After the arrest of six Atlanta police officers last summer, Cooper said that it was the leadership guilty of failing and not the officers, who were simply following the orders given by their command. Cooper says that the very leaders that told the officers to do their jobs, should have had their backs rather than throw them under the bus.
“The direction this department has taken is nothing more than sad,” he wrote. “I was a long-time believer in our leadership, but I am now disappointed to find out just truly how poor it is.”
Cooper said he had to go because he couldn’t “represent a department that does not support the backbone of that very department. It’s disheartening and it’s demoralizing.”
Officer Thomas A. Crowder resigned on June 17th. He was born in Atlanta and dreamed of being a police officer.
“Today is my last day as a City of Atlanta employee and I would never have thought that I would be so happy to leave,” he wrote in his June 17 farewell letter.
He added: “I can not see a reason that [an] officer who has been on the department less than 20 [years] would not leave. At this moment you guys have NO backing from your command staff.

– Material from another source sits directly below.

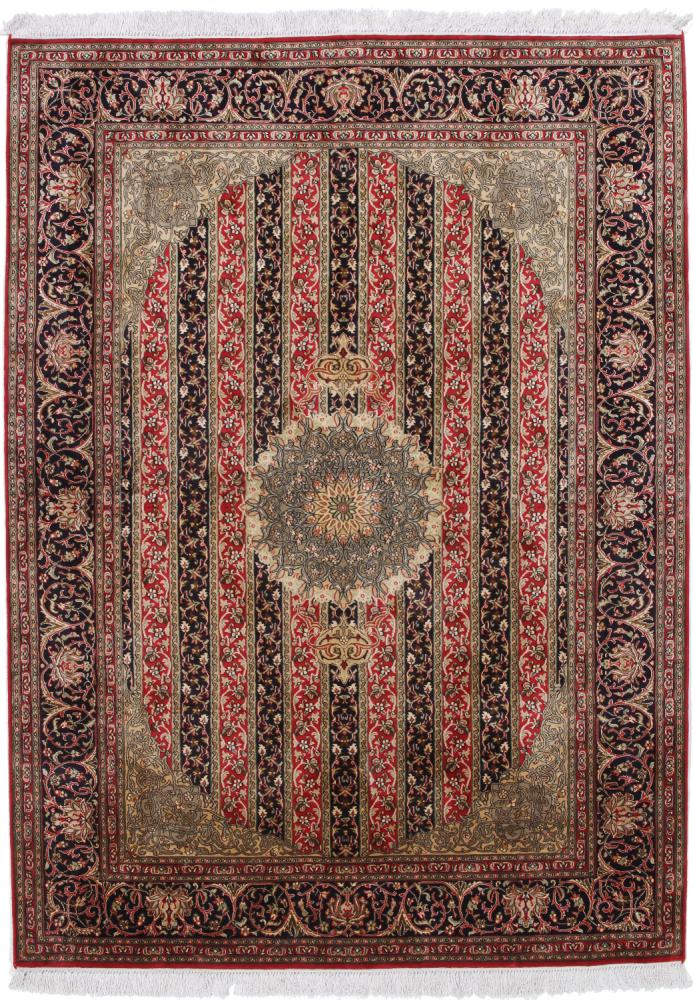 Indo rug Kashmir Pure Silke 215x158 215x158, Persian Rug Knotted by hand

It is crazy that they could ask you to stay at work or even leave the precinct knowing that they are not going to have your back and is willing to fire you as soon as a citizen complains.”
Cooper and Crowder are not unique but the actions of police leaders certainly are.

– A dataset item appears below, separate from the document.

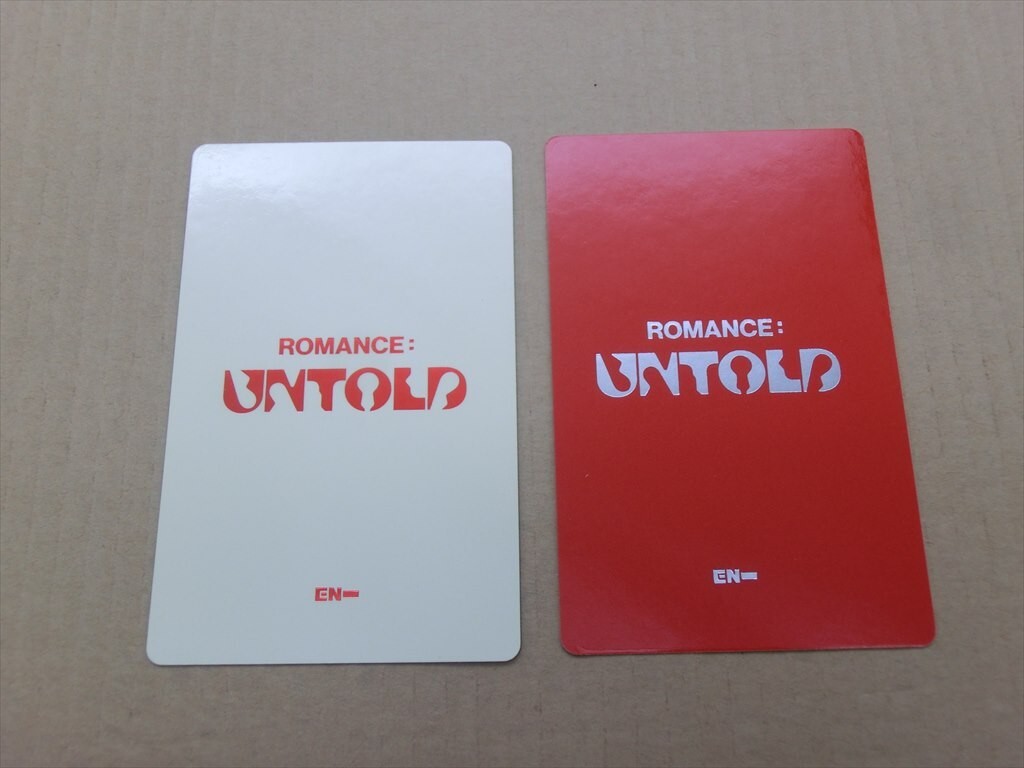 T【4は-90】【送料無料】ENHYPEN 「ROMANCE：UNTOLD」 ソンフン トレカ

Travis Yates wrote “The Courageous Police Leader: A Survival Guide for Combating Cowards, Chaos & Lies” and he tells us that while he had no desire to write a book, he saw it as a warning to what was to come.

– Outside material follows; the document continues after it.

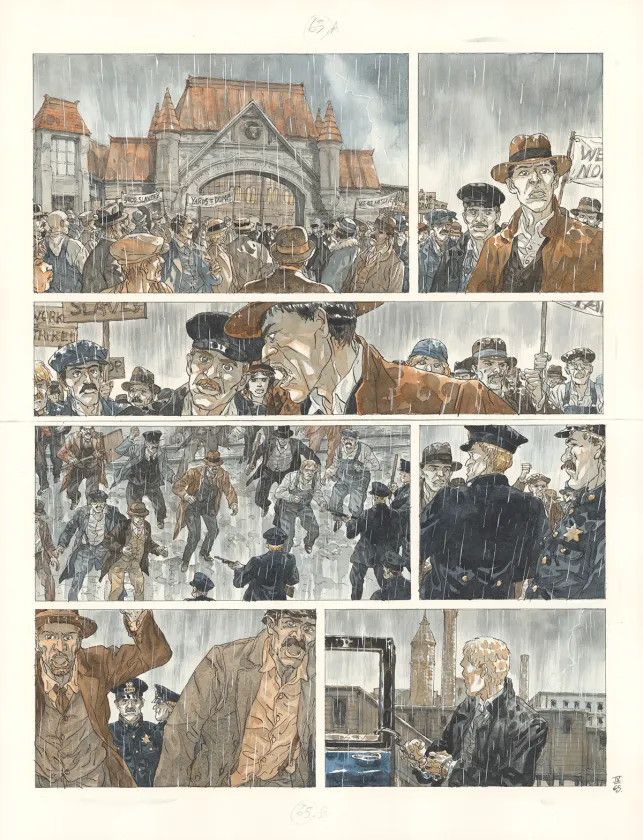Colored original page, Notre Amérique, Les Révolutions meurent en automne (T.4),  Maël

“I published the book in 2019 and I saw how law enforcement leadership was taking a turn for the worse. I believed that writing the book could potentially wake up our profession as to what the outcome of cowardly leadership could do to good police officers,” Yates said.
Clearly, it wasn’t enough and Yates calls the current dilemma in the profession “heartbreaking.”
Heartbreaking indeed, but one thing is clear. Law enforcement is needed more today than ever and while some police leaders are failing on a grand scale, every community in America can have an impact by holding those same leaders accountable for their cowardice.